• Data below:
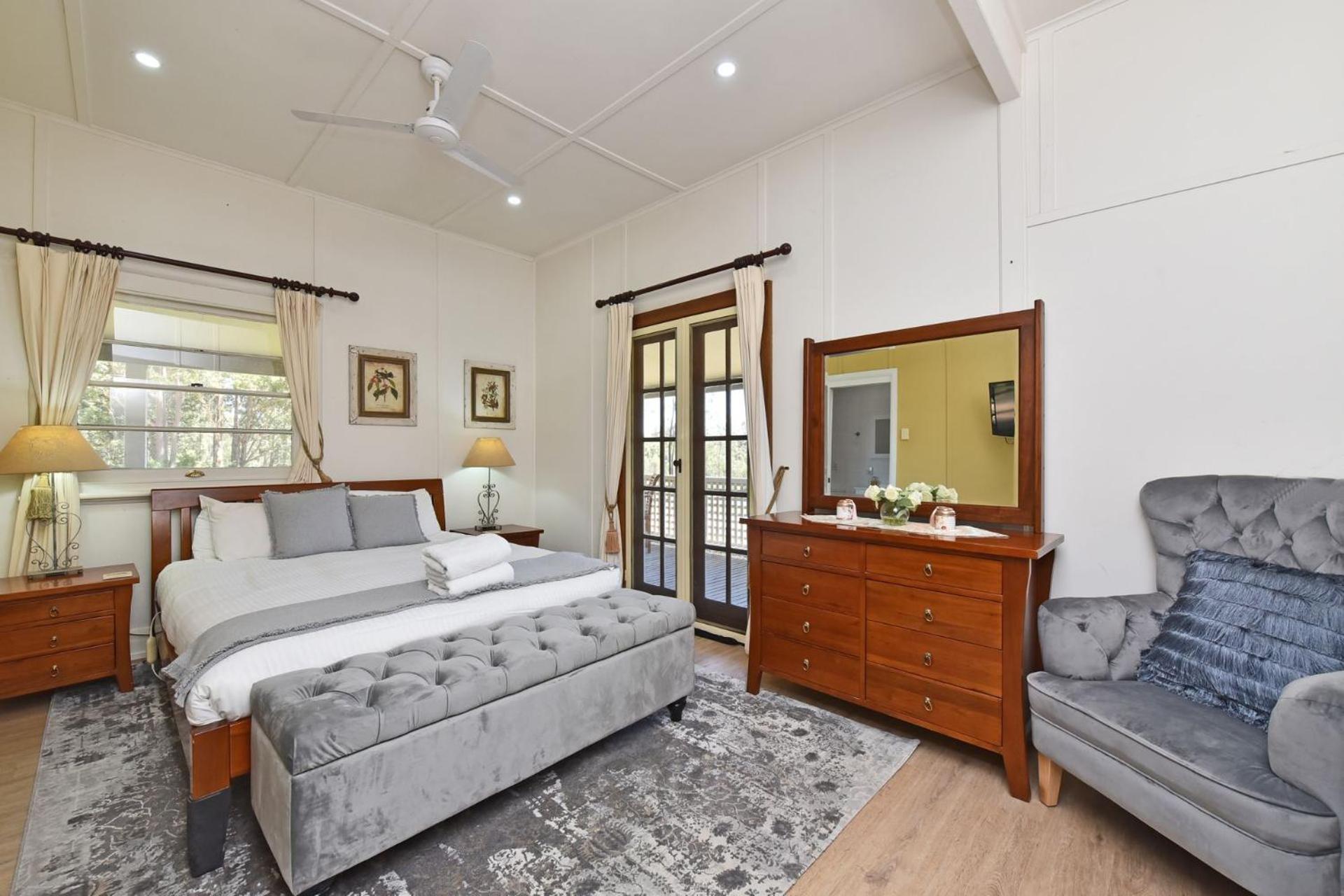 Brokenback Vineyard Cottage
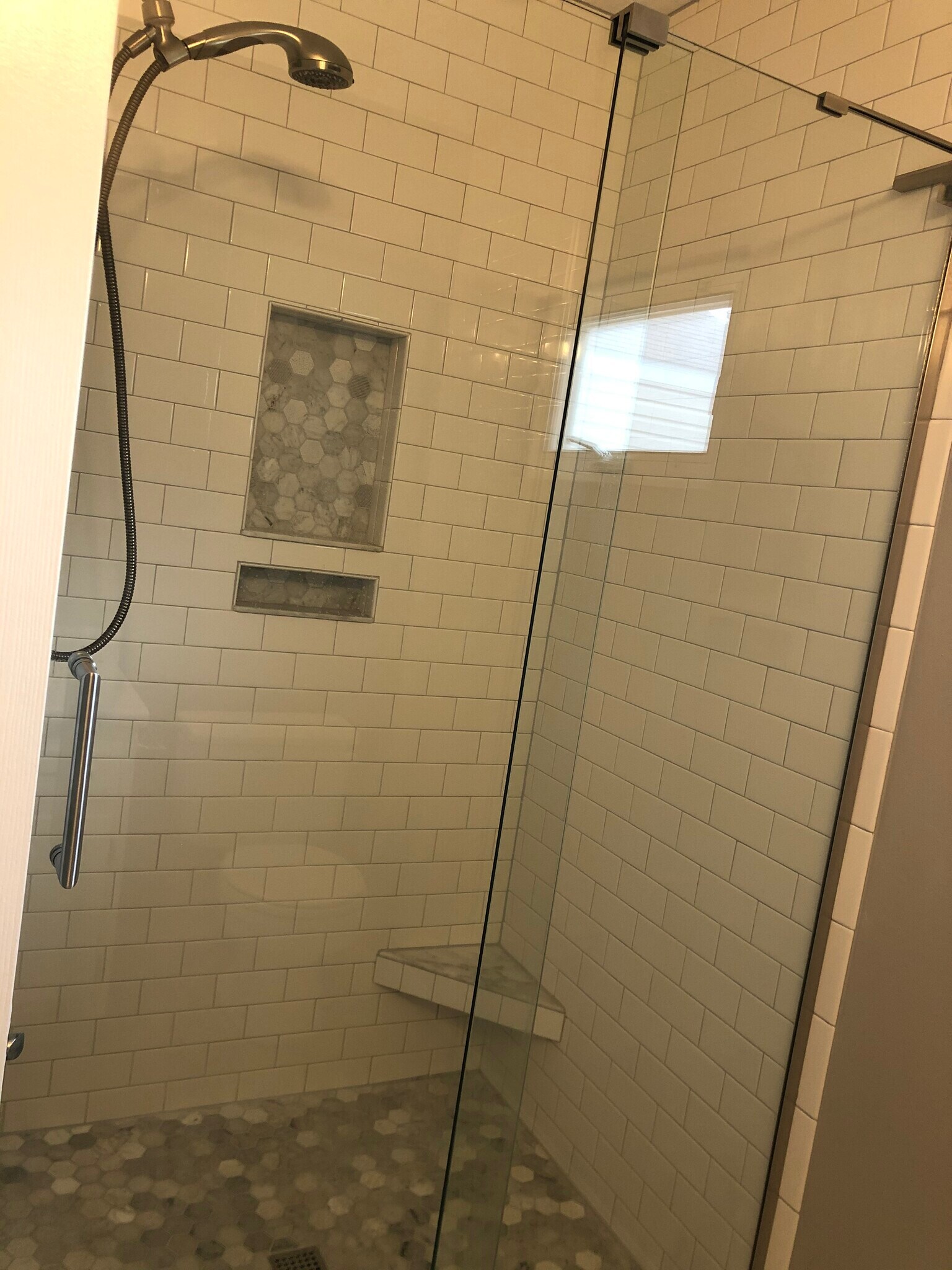 Building Photo - 850 W Hickory Nut Ct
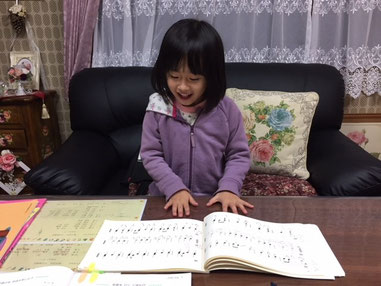 水戸市のまりピアノ教室の生徒さんが楽譜を見ながら指のレッスンをしている写真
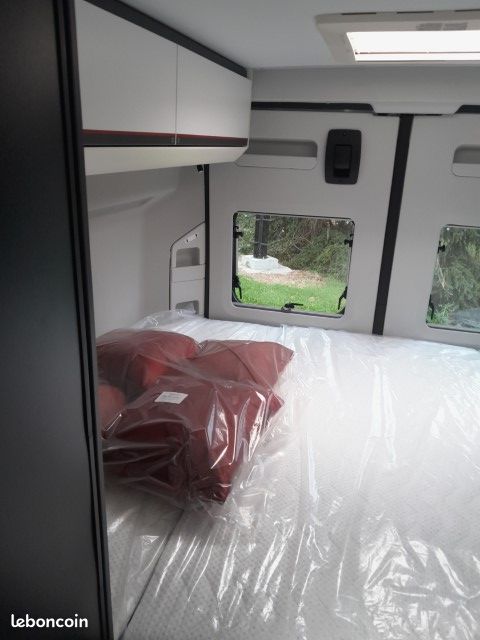 ADRIA TWIN 600 SPB SPORT – Toit relevable – 4 Places / 4 Couchages – Déstockage (image 8)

• Exercise brief: Take the listing and print it again exactly, but without any pictures.

• Solution:
 Brokenback Vineyard Cottage
 Building Photo - 850 W Hickory Nut Ct
 水戸市のまりピアノ教室の生徒さんが楽譜を見ながら指のレッスンをしている写真
 ADRIA TWIN 600 SPB SPORT – Toit relevable – 4 Places / 4 Couchages – Déstockage (image 8)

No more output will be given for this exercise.